Est-ce que cela pourrait expliquer le peu d’actes anti-musulmans de la part des néo-nazis?

Jacques Barrio

@ A Raphaël Delpar

Bonjour ! Quand vous mentionnez ” la Brigade algérienne liée à la Gestapo française “, voulez-vous parler de ceux que l’on surnommait ” les SS Mohammed ” ?

Le Blob

Mais il n’y a pas que les nazis qui ont été accueillis dans les pays musulmerdes. Regardez, Mélenchon, Lang, plein de socialputes que j’oublie, et tant d’autres, ont vécu en bougnoulie, n’est-ce pas ?

Dorylée

Le premier président de la CEE, Walter Peter Hallstein, inventeur de la Neue Europa pour Hitler, était un ancien nazi. Mittoche en avait bien un souvent à sa table à Latché.

Fabiola FERRANTE

Je n’étais pas au courant de ces faits !
Un GRAND MERCI pour avoir écrit cet article.
En neutralisant les nazis allemands, le travail n’a donc été fait qu’à moitié…
Quelle bande de détraqués mentaux !

mimi..

rien de neuf: ajoutez seulement la liste des nazis recueillis par les USA (et utilisés par eux), sans parler de ceux qui partirent grâce au Vatican en Amérique du Sud où ils eurent souvent de beaux avenirs…C’est vrai que les USA par le biais des banques de l’époque et de leurs grandes sociétés industrielles( …. aux capitaux juifs souvent) ont bien aidé Hitler à s’imposer, et à conduire la guerre jusqu’en 1945 …Rien n’est simple, cher ami, mais il faut tout dire avant de conclure.

Paskal

Ne pas oublier Von Braun. Ni les anciens gestapistes recyclés dans la STASI. Il semble bien qu’au début des banques américaines aient aidé le NSDAP (en exigeant des dédommagements exorbitants à l’Allemagne on lui apportait déjà le pouvoir sur un plateau). Jusqu’en 1945 paraît quand même douteux.

mimi..

savez vous que le gouvernement US a indemnisé General Motors pour ses usines allemandes travaillant pour la Wermacht détruites pendant les bombardements alliés en Allemagne?

Stentor

Les nazis ont pu trouver refuge partout après la guerre, Etats-Unis, Amérique Latine, Espagne – et même en France, qu’on se souvienne de l’affaire Peiper ! – et pas seulement auprès des arabo-musulmans.

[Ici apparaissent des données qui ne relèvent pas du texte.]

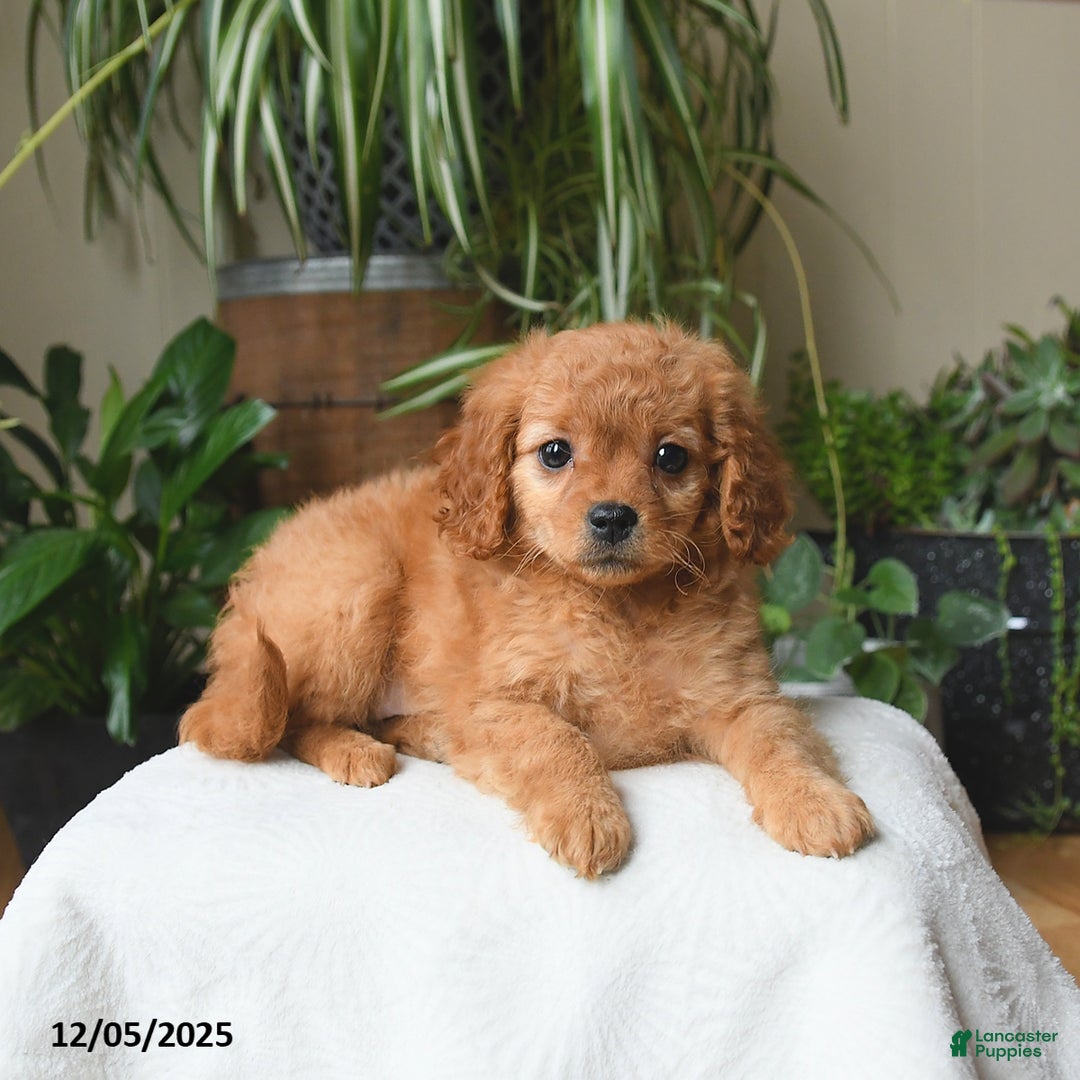 Cavapoo dogs for sale: Lola - Ad 2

Mais c’est dans l’allemagne de l’après-guerre qu’ils se sont encore trouvés le mieux, comme des poissons dans l’eau parmi tous ces gens que nous-autres Français appelons “nos amis allemands”…

Le Blob

Le mieux de tous c’est Horst Tappert. L’inspecteur Derrick, ça c’est fort.

Jules Lejeune

Désolé, mais fritz bayerlein n’était pas un nazi. C’était même un Mishling (c’est à dire partiellement Juif). https://www.facebook.com/BenZvi.Doc.Center.Eng/posts/they-were-not-all-nazisit-is-not-uncommon-to-come-across-the-idea-that-not-all-g/2307801949278400/

Système

Des bataillons entiers de nazis ont rejoint les États-Unis après la guerre et ont contribué au programme spatial ! Le principal fondateur de la CEE ( ancêtre des notre Union européenne) fut allemand et haut dignitaire nazi…alors votre article est tout sauf un scoop.

Cyprien

Peut-être pas un scoop mais intéressant.